Daniel, con voz tranquila, intervino:
—Ya cálmense. No es momento de pelear. Lo pasado, pasado. —Dime, Lucía… después de escuchar el precio de Rex, ¿te interesaría aprender sobre el negocio?
—¡Por supuesto que sí! —respondió ella, entusiasmada.
En su mente Lucía pensaba:
Si valen tanto, ¿por qué no abrir una granja que produzca esa raza? Así ganaría muchísimo dinero.
Daniel estaba feliz. Al fin su hija se interesaba en el negocio familiar.
—Estaba pensando que tal vez podría abrir una granja dedicada a la producción de esa raza —dijo Lucía.
Adrián, con una sonrisa irónica, comentó:
—Ja… lo siento, pero…
Daniel lo interrumpió:
—Claro que sí. Pero primero deberás leer algunos libros sobre producción.
—¿Leer más libros? Vale… está bien —dijo Lucía, algo disgustada.
Adrián no entendía nada. Años atrás, él había propuesto lo mismo: abrir una granja de animales de alto valor. Pero su padre lo regañó:
—Nos dedicamos a la producción de leche, productos derivados y engorde. Abrir una granja así va en contra de lo que mi padre y abuelo me enseñaron.
Ahora, Daniel sonreía:
—Perfecto. Cuando termines esos libros, te prepararé y guiaré para que puedas empezar tu granja en el futuro.
—Gracias, papá —dijo Lucía, antes de retirarse.
Adrián, molesto, preguntó:
—¿Por qué le permitiste abrir una granja de ese tipo? Cuando yo te hablé de eso, te enojaste.
Daniel, aún sonriente, respondió:
—No te enojes. ¿Crees que dejaré que ella abra ese tipo de granja?
Adrián, confundido, preguntó:
—¿Entonces por qué…?
—Dije eso únicamente para que se interesara en el negocio familiar. Con el tiempo, haré que cambie de opinión. Me hizo feliz saber que al fin se interesa en el negocio familiar.

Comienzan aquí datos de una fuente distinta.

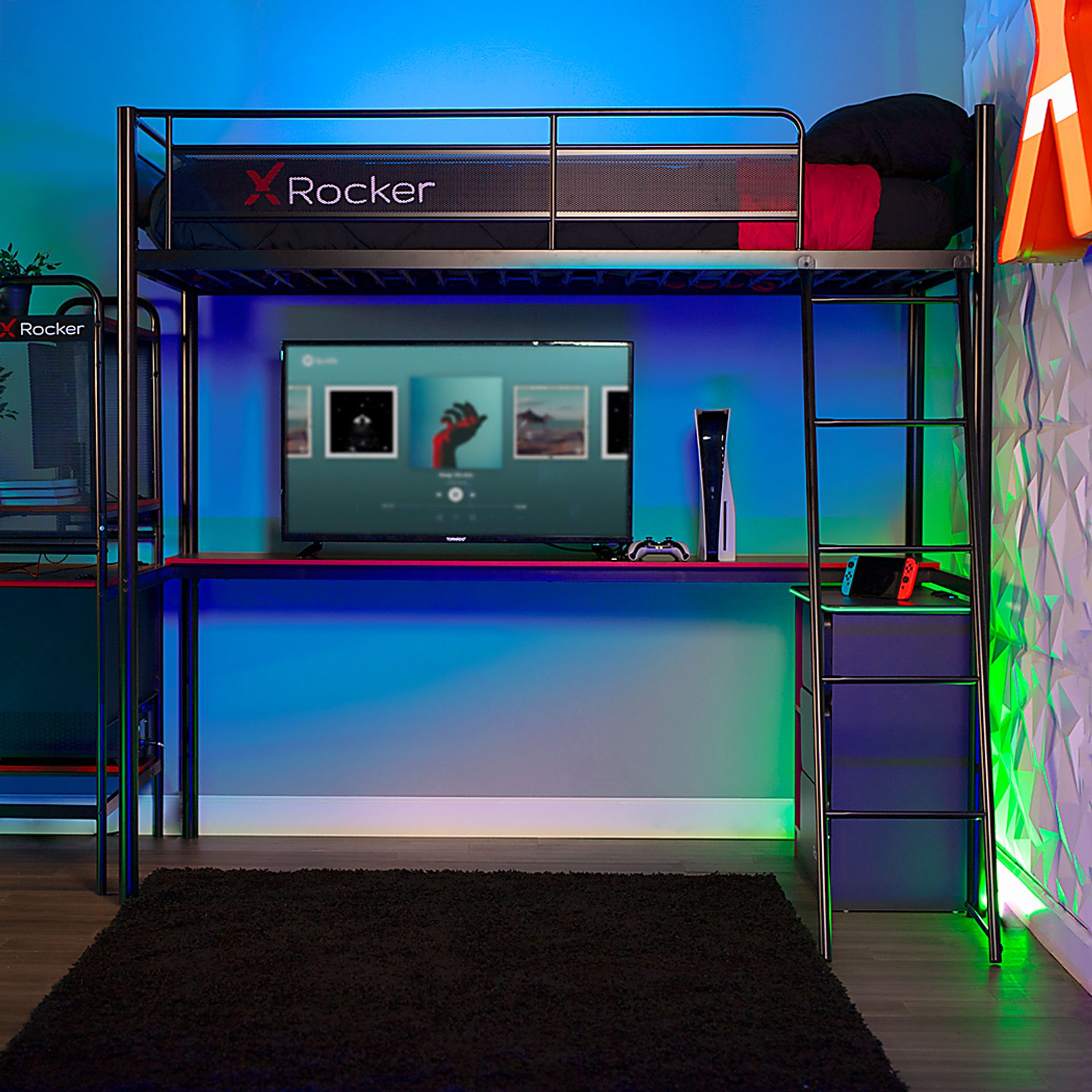 Kids Desonee Black Twin Gaming Loft Bed - Image 3
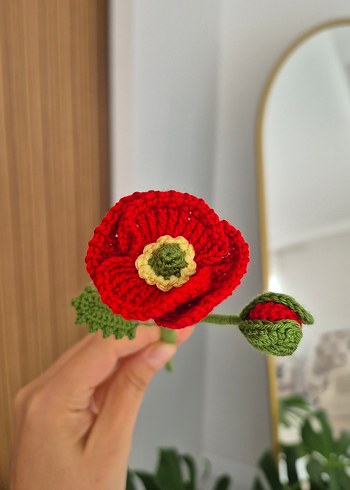 Bohem Kırmızı Örgü Gelincik Çiçeği - Görsel 2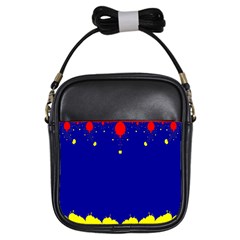 Critical Points Line Circle Red Blue Yellow Girls Sling Bags by Mariart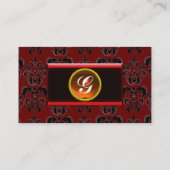 CLASSY DAMASK MONOGRAM zwarte topaz sinaasappel Visitekaartje (Achterkant)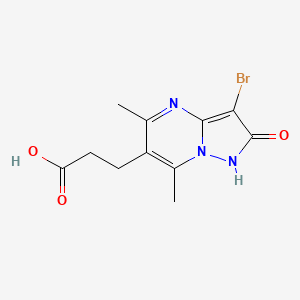 molecular formula C11H12BrN3O3 B2775288 3-(3-Bromo-5,7-dimethyl-2-oxo-1,2-dihydropyrazolo[1,5-a]pyrimidin-6-yl)propanoic acid CAS No. 1439441-60-7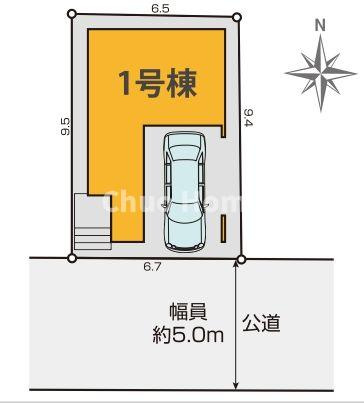 荒川区町屋3丁目新築分譲住宅の区画図|【区画図】南道路！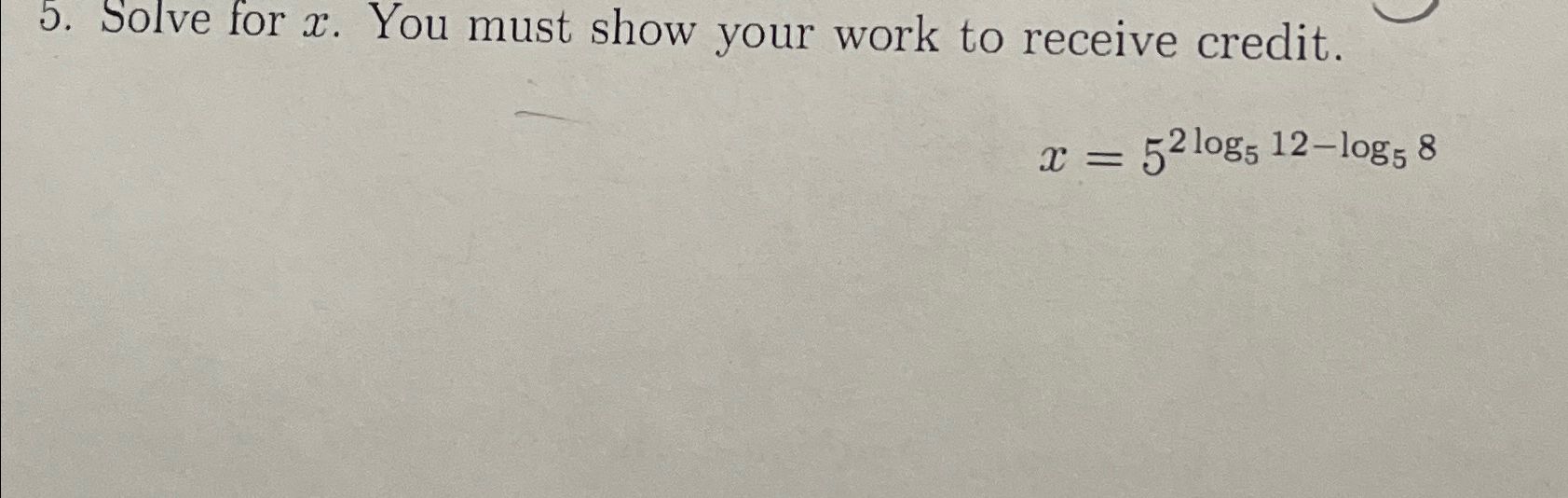 Solved Solve for x. ﻿You must show your work to receive | Chegg.com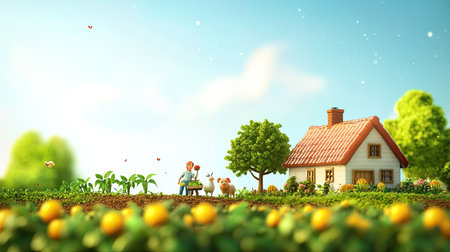 This delightful scene showcases a family enjoying time together in a lush garden, surrounded by vibrant flowers, trees, and playful animals under a clear blue sky.の素材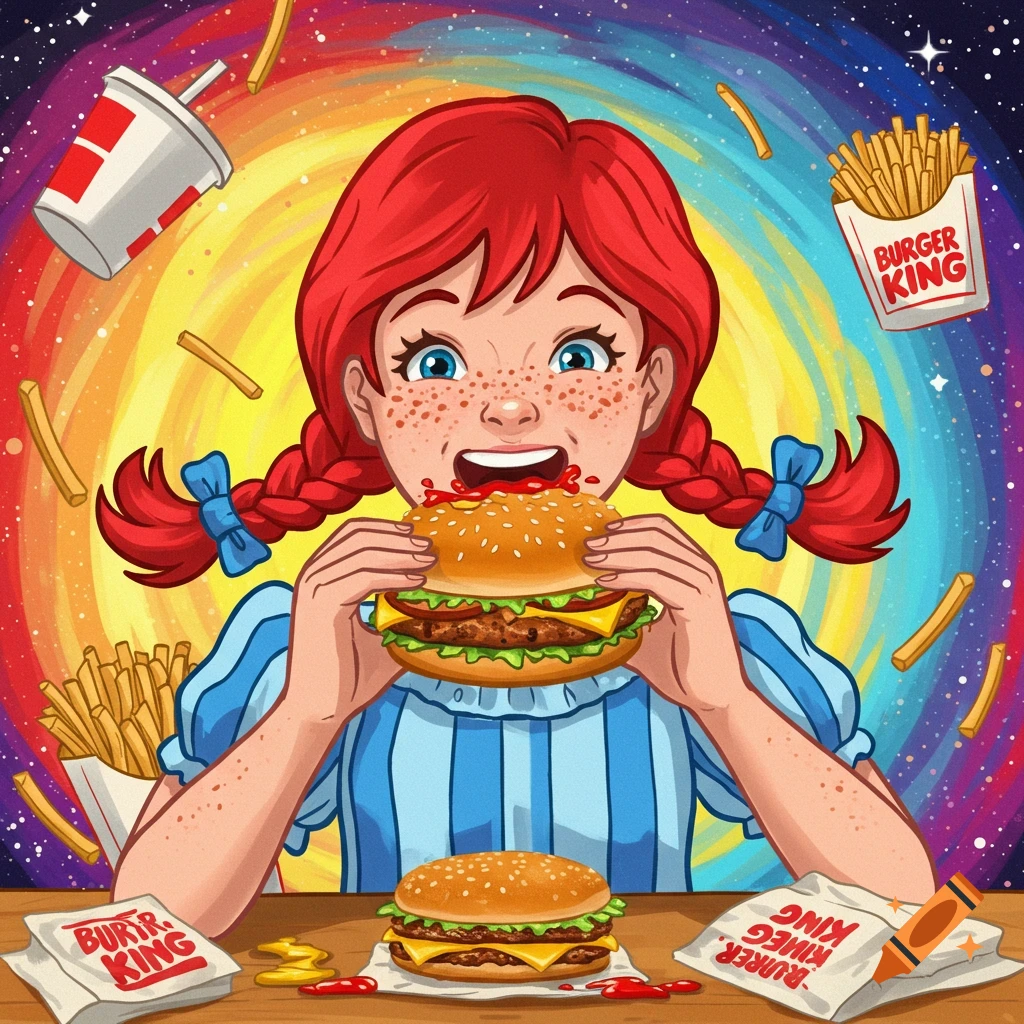 A cartoon image of the Wendy's mascot eating a Burger King burger with fries and a drink against a colorful background.
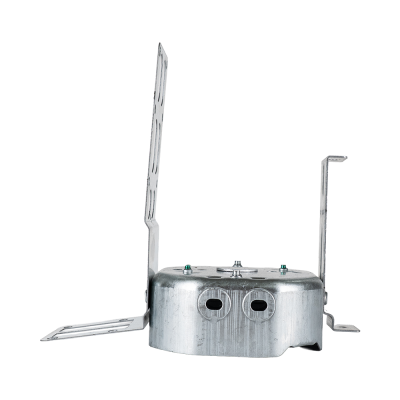 Arani 54151-LSSAX boîte octogonale, montant métallique, 1-1/2 po, AC90, vue de profil avec débouchures de la paroi latérale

—Por cierto, Adrián… mañana te presentaré a tu posible futura esposa.
—¿Esposa?
—Descuida. Solo se van a conocer. Es la hija de un gran productor de lácteos del otro país. —Después de hablar, acordamos que, para unir nuestras empresas y granjas, nuestros hijos deberían casarse.
—¿Y por qué yo? ¿Por qué no Mario? Tú mismo dijiste que tiene buen ojo y suerte. Además, él no tiene novia… a diferencia de mí.
Daniel se contuvo, pero respondió:
—Al menos ve a conocerla. Si no te interesa, se la presentaré a Mario. —Trátala bien y con respeto. Porque sí o sí, uno de ustedes debe casarse para unir ambas empresas. —Si no la ves como esposa, mírala como una futura socia… o como parte de la familia.
—Está bien. No te preocupes —dijo Adrián, resignado.
Mientras tanto, Angélica intentaba ver cómo estaba su hijo Mario. Pero al llegar a su cuarto, notó que estaba cerrado con llave. Lo llamó varias veces, pero él no respondió. Se fue, molesta y preocupada.